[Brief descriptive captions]
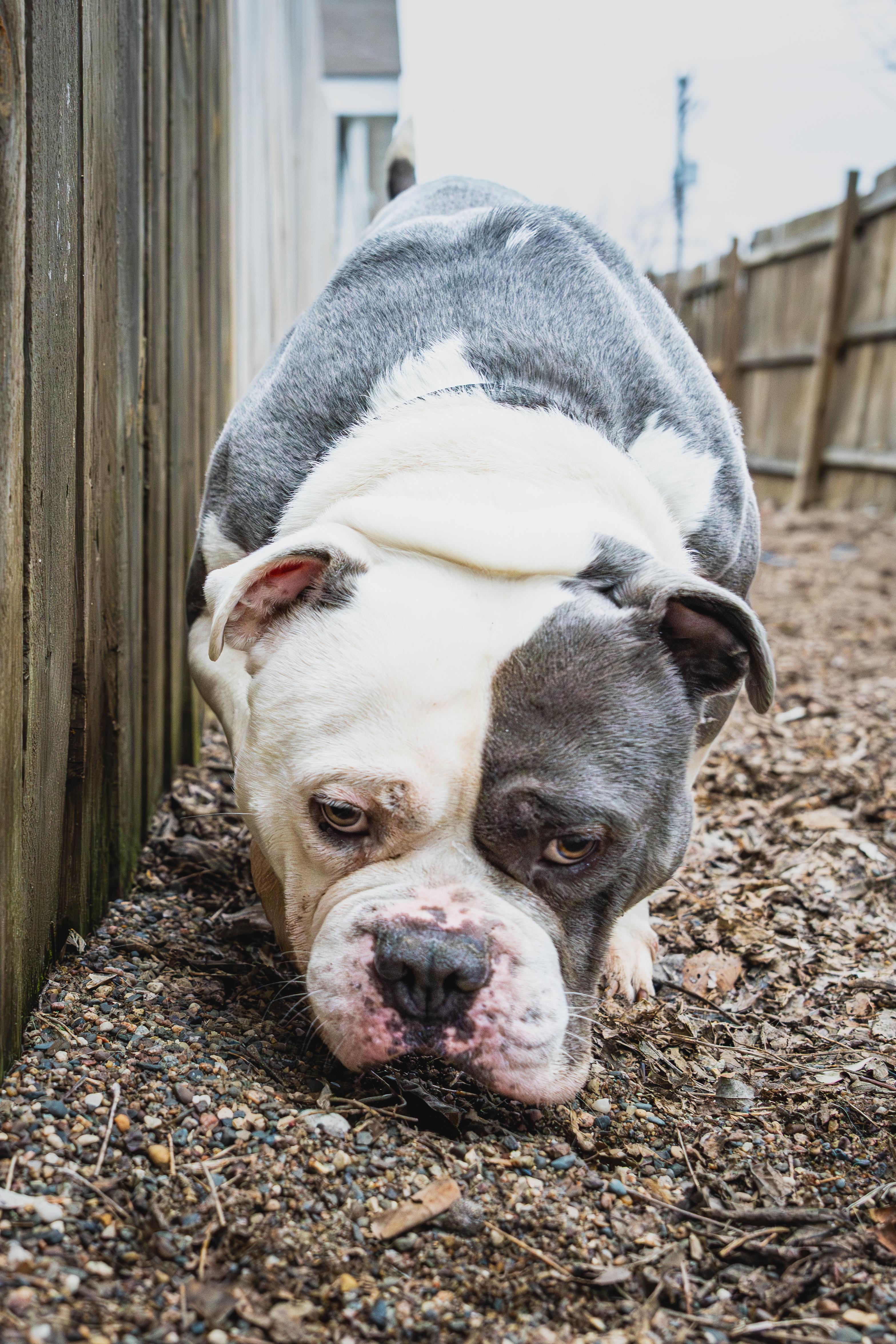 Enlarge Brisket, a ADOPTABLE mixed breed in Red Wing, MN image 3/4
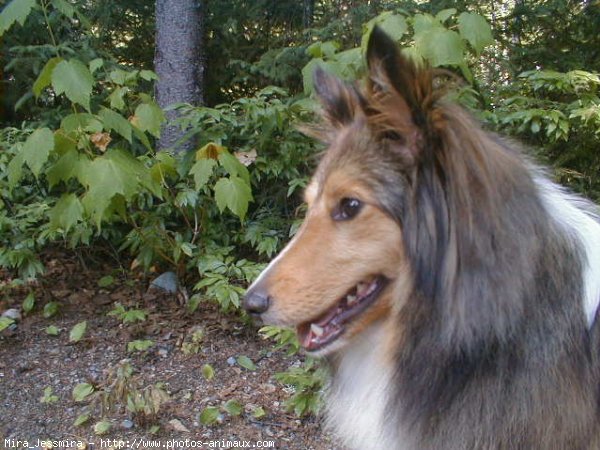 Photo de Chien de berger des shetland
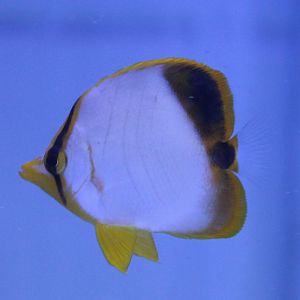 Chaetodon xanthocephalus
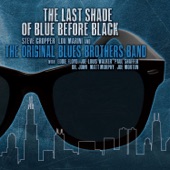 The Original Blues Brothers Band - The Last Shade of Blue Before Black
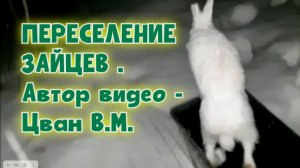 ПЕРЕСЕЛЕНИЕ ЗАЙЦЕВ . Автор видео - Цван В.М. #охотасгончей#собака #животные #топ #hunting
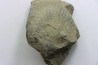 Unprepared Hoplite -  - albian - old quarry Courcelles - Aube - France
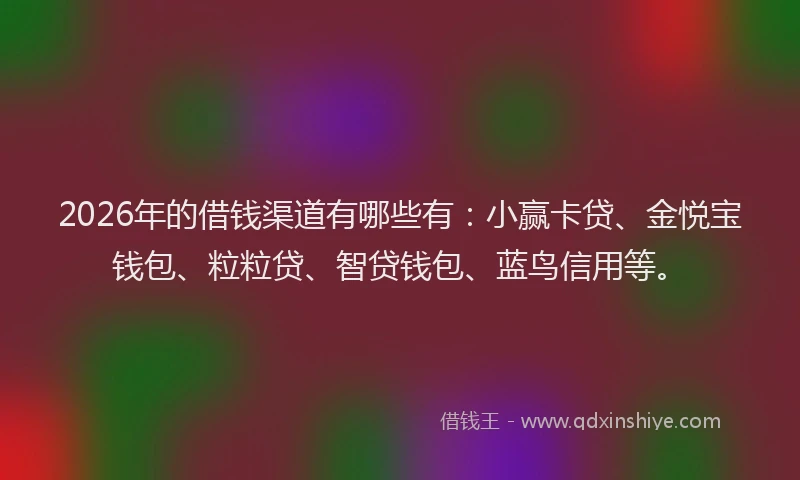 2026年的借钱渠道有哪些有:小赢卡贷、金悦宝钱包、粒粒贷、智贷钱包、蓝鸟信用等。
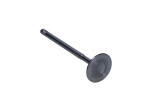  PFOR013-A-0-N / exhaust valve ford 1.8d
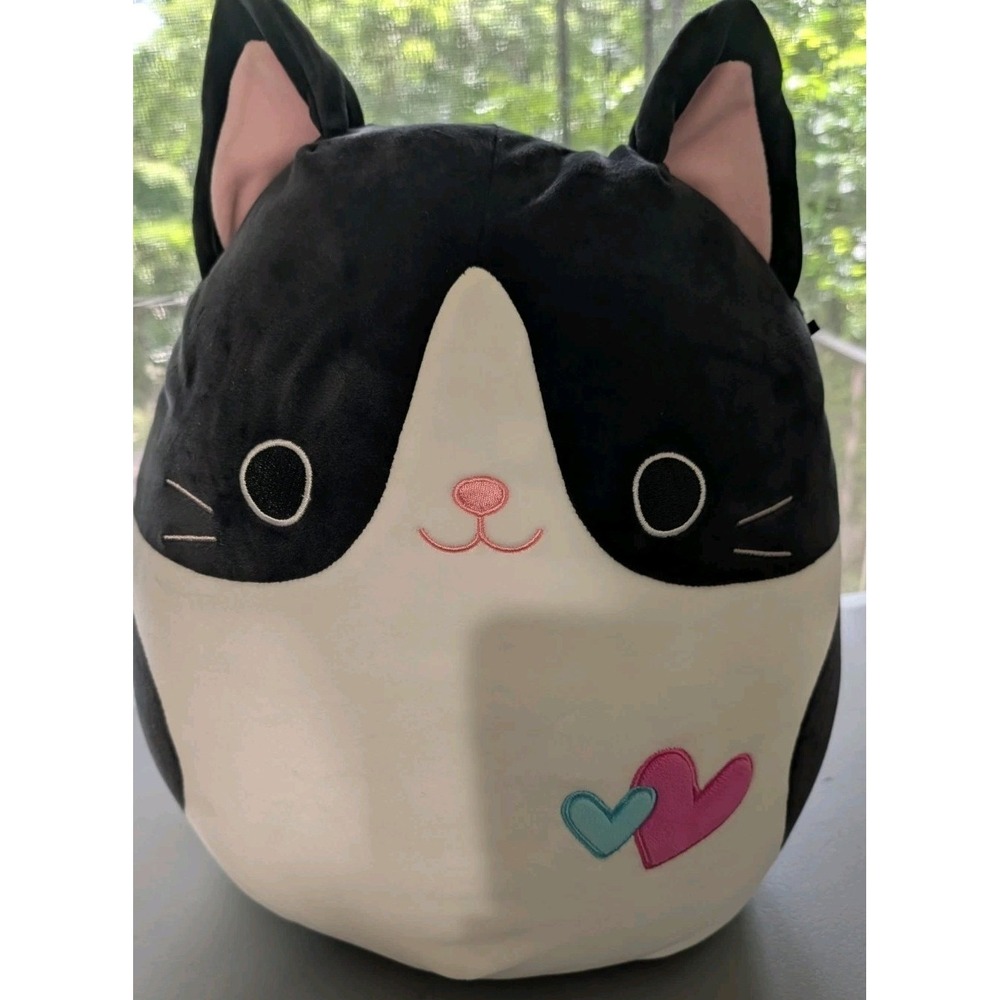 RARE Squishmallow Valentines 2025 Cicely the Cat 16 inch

*The task:* Quote the data exactly, leaving every image out of the copy.

*Task answer:*
 Enlarge Brisket, a ADOPTABLE mixed breed in Red Wing, MN image 3/4
 Photo de Chien de berger des shetland
 Chaetodon xanthocephalus
 The Original Blues Brothers Band - The Last Shade of Blue Before Black
 ПЕРЕСЕЛЕНИЕ ЗАЙЦЕВ . Автор видео - Цван В.М. #охотасгончей#собака #животные #топ #hunting
 Unprepared Hoplite -  - albian - old quarry Courcelles - Aube - France
 2026年的借钱渠道有哪些有:小赢卡贷、金悦宝钱包、粒粒贷、智贷钱包、蓝鸟信用等。
  PFOR013-A-0-N / exhaust valve ford 1.8d
 RARE Squishmallow Valentines 2025 Cicely the Cat 16 inch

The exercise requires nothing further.